With the high-integration of semiconductor devices, known metals such as tungsten, copper, or alloys thereof have been turned out to be unsuitable for an interconnect material of a semiconductor device because they have a high specific resistance and cause electro migration (EM) or stress migration (SM), thereby deteriorating reliability of the semiconductor device. EM is a defect due to the increase in current density within a metal interconnect. In other words, EM is created because the current density increases by high-speed operation of the semiconductor device according to a fine interconnect pattern. SM is a creep rupture (failure) mode caused by imposing tensile mechanical stress on the metal interconnect. The mechanical stress is created by the difference in thermal expansion coefficient between the metal interconnect and an insulating layer to protect the metal interconnect. The mechanical stress increases as the width of the metal interconnect becomes narrower.
To obviate the above-mentioned problems, copper has been suggested as an alternative for known interconnect materials.
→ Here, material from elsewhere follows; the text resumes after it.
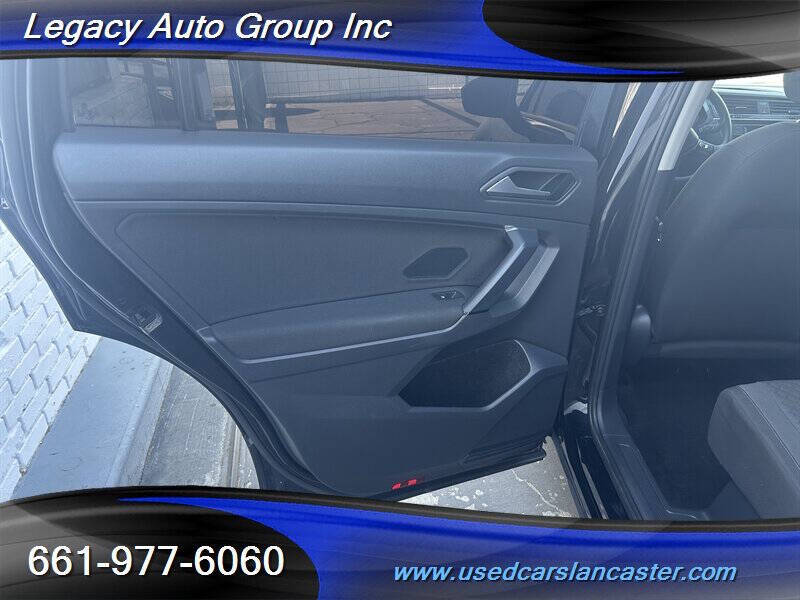 2019 Volkswagen Tiguan S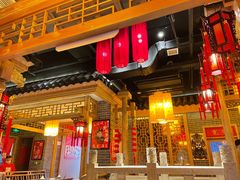 -大龙辣火锅·龙虾·烧烤(湖滨新天地店)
Copper has a low specific resistance and ensures reliability of a semiconductor device. In addition, copper alloy has high corrosion-resistance and ensures reliability of the interconnect although it has a relatively high specific resistance in comparison with copper.
A copper dual damascene process, which inlays metal in an interconnect line, has been developed as an alternative because efforts to improve a copper etching method proved to be unsuccessful. The copper dual damascene process has been verified as an excellent process in terms of process affinity and cost reduction although it had been confronted with barriers in terms of apparatus due to completely different structures and across-the-board changes.
FIGS. 1a through 1d are cross-sectional views illustrating a known process of fabricating a copper interconnect of a semiconductor device. Referring to FIG. 1a, an insulating layer 10 is deposited on a substrate with at least one predetermined structure. A trench and via hole is formed through the insulating layer 10 by using a dual damascene process. A barrier layer 11 is then deposited along the bottom and the sidewalls of the trench and via hole. The trench and via hole is filled with copper by using an electrochemical plating (ECP) process and then planarized by using a chemical mechanical polishing (CMP) process to complete a lower copper interconnect 12.
Referring to FIG. 1b, a SiN layer is deposited over the structure of FIG. 1a to form a capping layer 13. The SiN layer has a thickness of about 700 Å. Referring to FIG. 1c, an interlayer dielectric (ILD) layer 14 is deposited on the capping layer 13. Referring to FIG. 1d, some portion of the ILD layer 14 and capping layer 13 is removed by an etching process using a predetermined pattern to form a via hole. The via hole is then filled with a conductive material to complete a via 15.
However, the above-described known method of forming a copper interconnect has several problems. First, if there is an oxidized area on the surface of the copper interconnect, the adhesion between the copper interconnect and the capping layer weakens and, as a result, the SiN layer as the capping layer 13 loosens. Constantly, the copper of the interconnect is diffused into the portion in which the SiN layer gets loose. Such copper diffusion may cause a short circuit between interconnects. Second, when the via is formed to connect the upper and lower interconnects, the upper interconnect may not be connected with the lower interconnect if the SiN layer as the capping layer within the via hole is completely removed. Third, the SiN layer may raise the total dielectric constant of the upper and lower interconnects because the SiN layer itself has a high dielectric constant.